This still isn’t mass production, and the big challenge here is making it power-efficient (driving those electronics through the racetrack requires a big current), but it could provide a means to a new type of faster computing. As IBM said in its release, “This breakthrough could lead to a new type of data-centric computing that allows massive amounts of stored information to be accessed in less than a billionth of a second.”

Here is a video I did back in 2010 at IBM’s Spintronics lab that explains racetrack memory and how it relates to storing more data that can be read faster.

Graphene: IBM also made two materials breakthroughs, beginning with a way to build chips using a carbon-based material called graphene. Graphene could offer better wireless chips because it could allow chips to deliver data over higher frequency bands, and also could lead to long-lasting batteries and breakthroughs in clean energy. Taking advantage of higher frequencies means we could use more of the airwaves and help assuage our growing demand for wireless broadband.

The challenge with graphene is figuring out how to use it in today’s chipmaking fabrication plants, to avoid the multi-billion-dollar costs associated with building such a plant solely to produce graphene chips.
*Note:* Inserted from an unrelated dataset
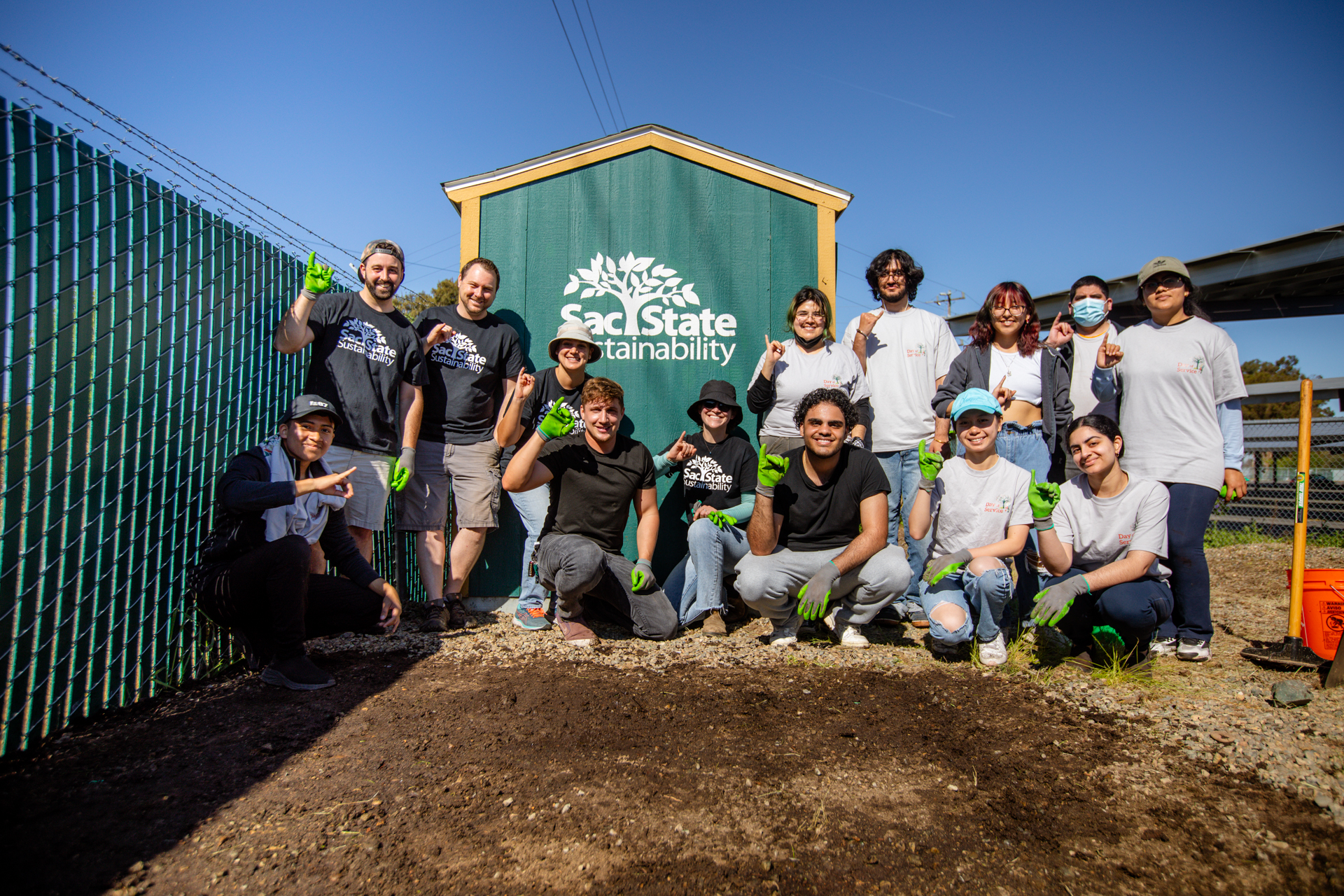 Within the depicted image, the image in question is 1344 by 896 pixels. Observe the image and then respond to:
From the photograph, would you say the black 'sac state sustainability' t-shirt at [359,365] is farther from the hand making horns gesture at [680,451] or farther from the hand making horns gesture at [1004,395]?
the hand making horns gesture at [1004,395]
IBM said today that it had solved this problem– building a graphene-based chip that is compatible with conventional (CMOS) chipmaking technologies.
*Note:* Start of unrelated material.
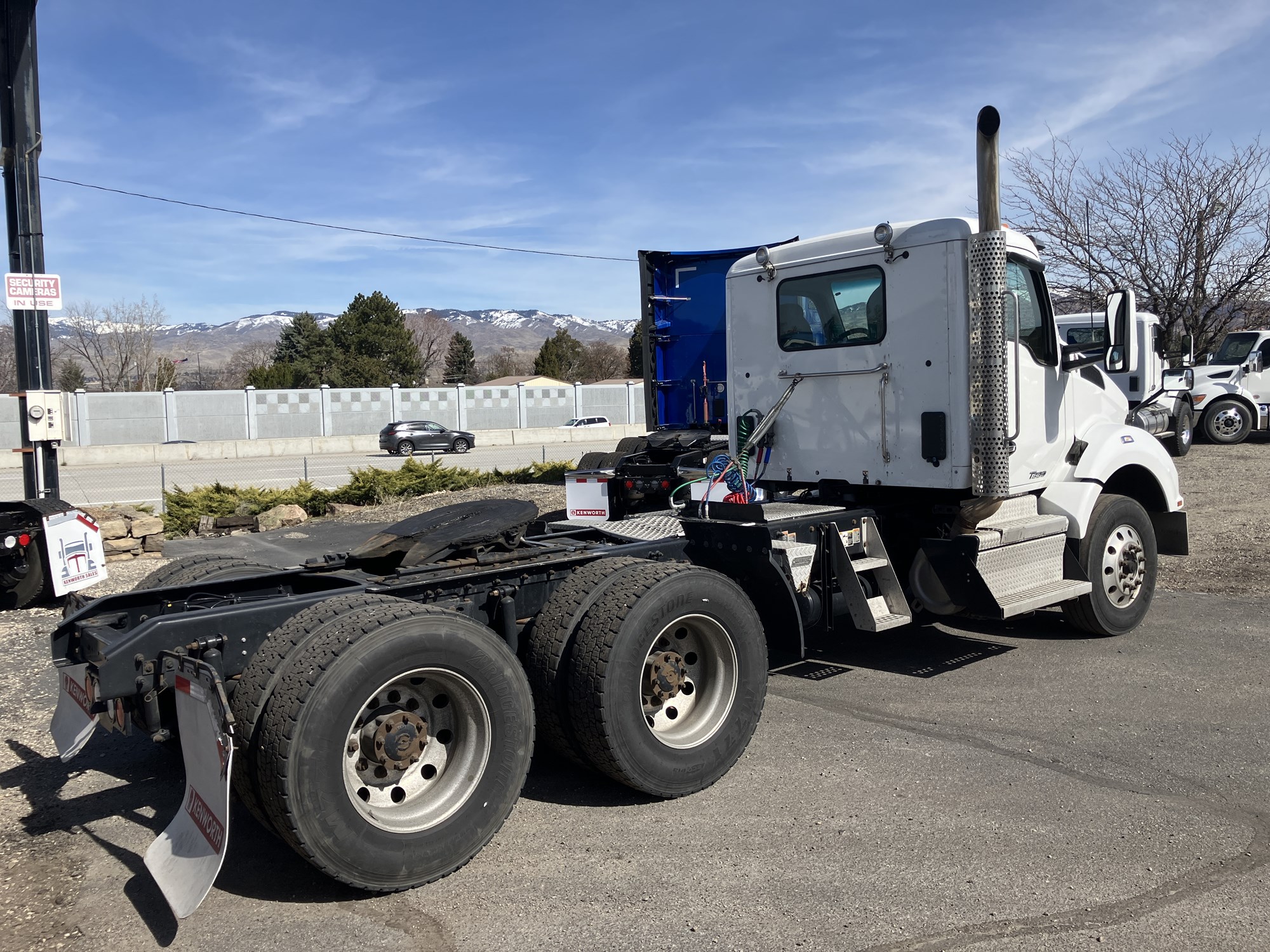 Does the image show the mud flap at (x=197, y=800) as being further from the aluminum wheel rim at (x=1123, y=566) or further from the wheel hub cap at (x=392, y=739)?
the aluminum wheel rim at (x=1123, y=566)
Carbon nanotubes: The carbon nanotube announcement is a bit more out there, with researchers demonstrating the first transistor with channel lengths that are smaller than 10 nanometers built using carbon nanotubes. The channel length refers to how deep the lines on a chip are etched, and the goal is to make those smaller and smaller in order to fit more chips on a wafer and continue pushing Moore’s Law forward.

But as transistor channel lengths shrink, conventional chipmaking technologies are running into a variety of problems, which is why Intel made such a big deal of its 3-D transistors earlier this year. However, it’s not clear if that advance will continue below 11 nanometers. Of course, as researchers seek ever smaller chips, some are abandoning the idea of the transistor completely with technologies such as DNA computing, Quantum computing and even brain-like computers. For the time being, IBM’s carbon nanotubes are still in that commercialization phase along with these other efforts, so don’t break out the bubbly just yet.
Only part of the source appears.